▶ DATA BLOCK:
----
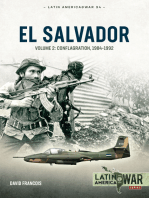 El Salvador: Volume 2: Conflagration, 1984–1992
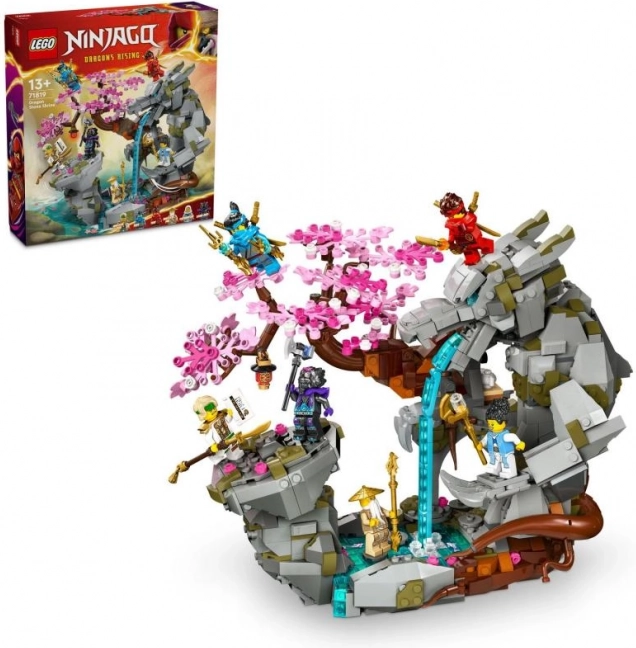 LEGO NINJAGO Tempel des Drachensteins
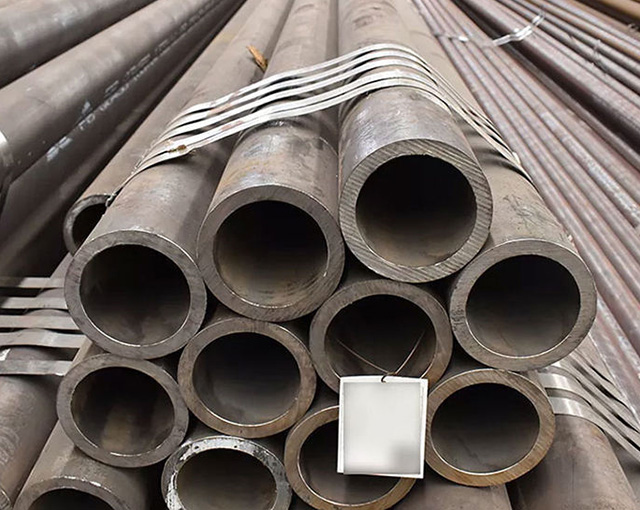 GB 5310 15MoG Seamless Boiler Tubes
----
▶ EXERCISE OBJECTIVE: For the material above, give every line again exactly and leave out the pictures.

▶ TASK RESPONSE:
 El Salvador: Volume 2: Conflagration, 1984–1992
 LEGO NINJAGO Tempel des Drachensteins
 GB 5310 15MoG Seamless Boiler Tubes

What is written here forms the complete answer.